▶ **ABOUT THIS TASK**: A faithful, complete copy of the entries below is required, with images removed.

Top of SOURCE DATA

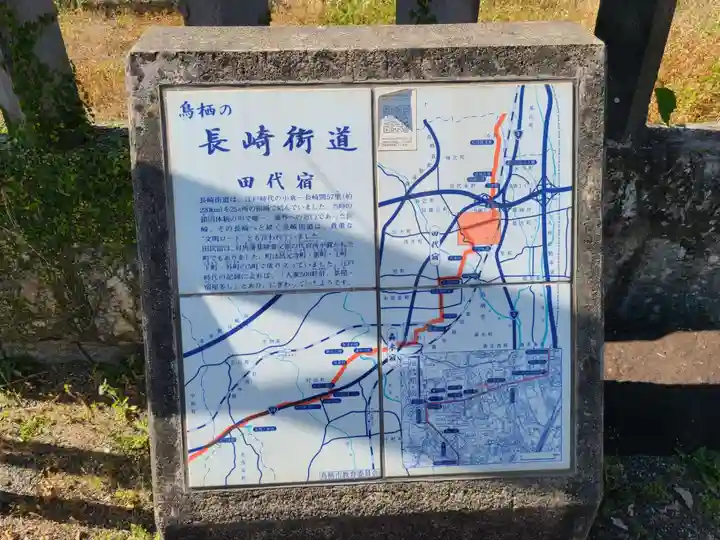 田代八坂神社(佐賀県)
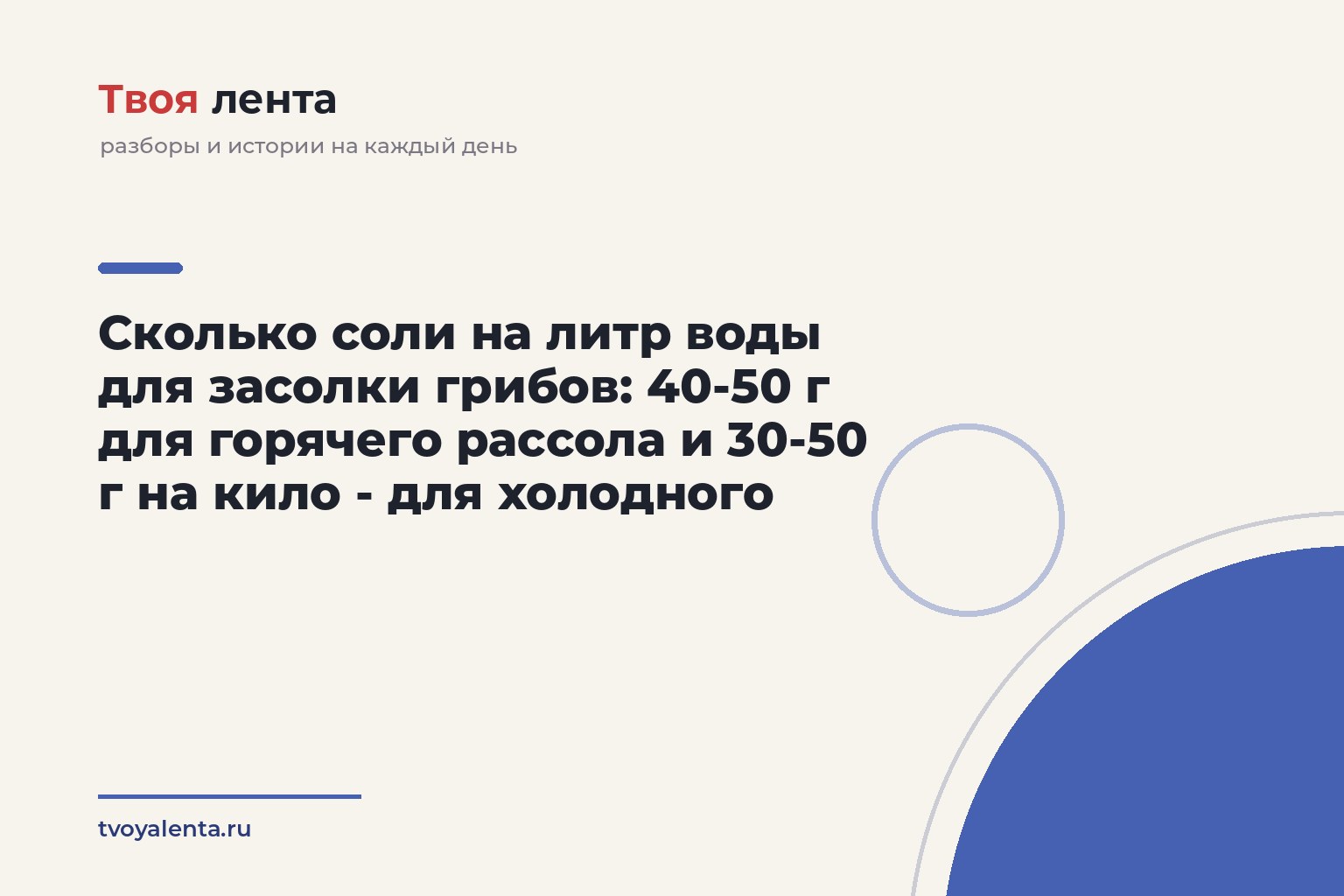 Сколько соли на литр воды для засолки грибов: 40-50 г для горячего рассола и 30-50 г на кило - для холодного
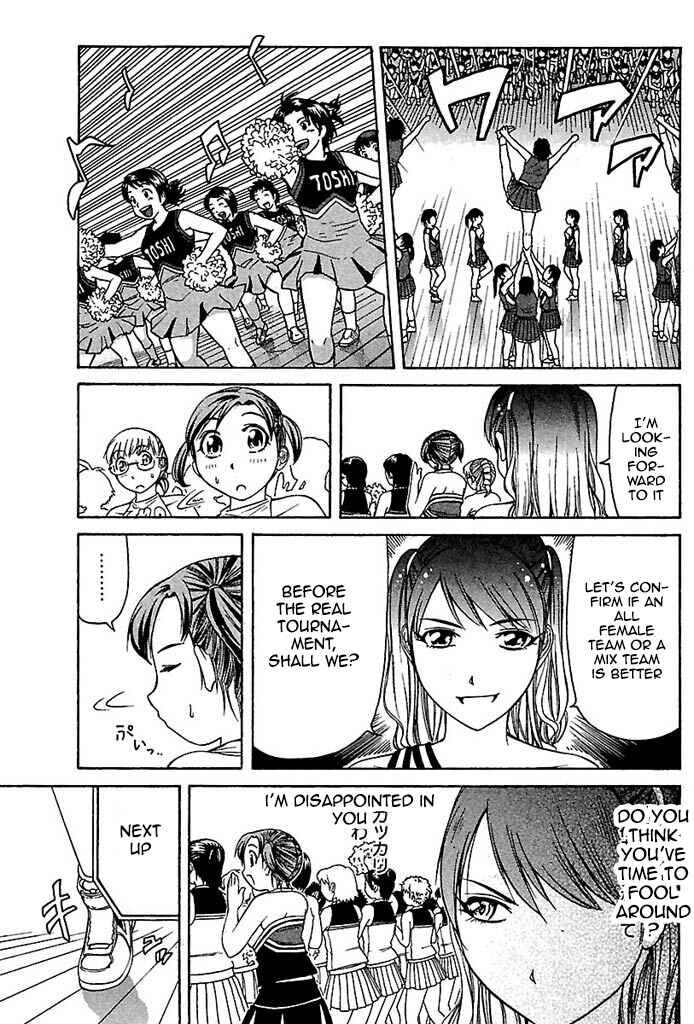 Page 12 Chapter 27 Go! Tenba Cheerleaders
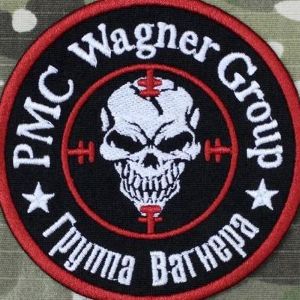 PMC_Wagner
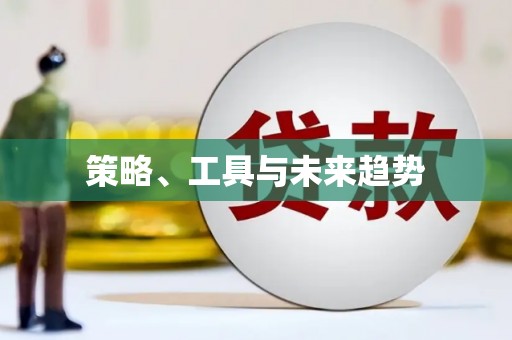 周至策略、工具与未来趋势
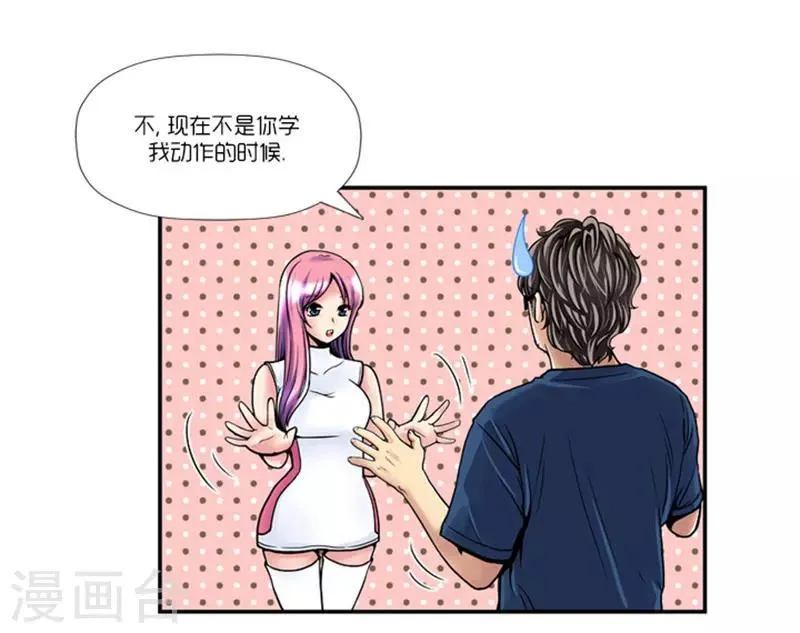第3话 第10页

Bottom of SOURCE DATA

▶ **SOLUTION**:
 田代八坂神社(佐賀県)
 Сколько соли на литр воды для засолки грибов: 40-50 г для горячего рассола и 30-50 г на кило - для холодного
 Page 12 Chapter 27 Go! Tenba Cheerleaders
 PMC_Wagner
 周至策略、工具与未来趋势
第3话 第10页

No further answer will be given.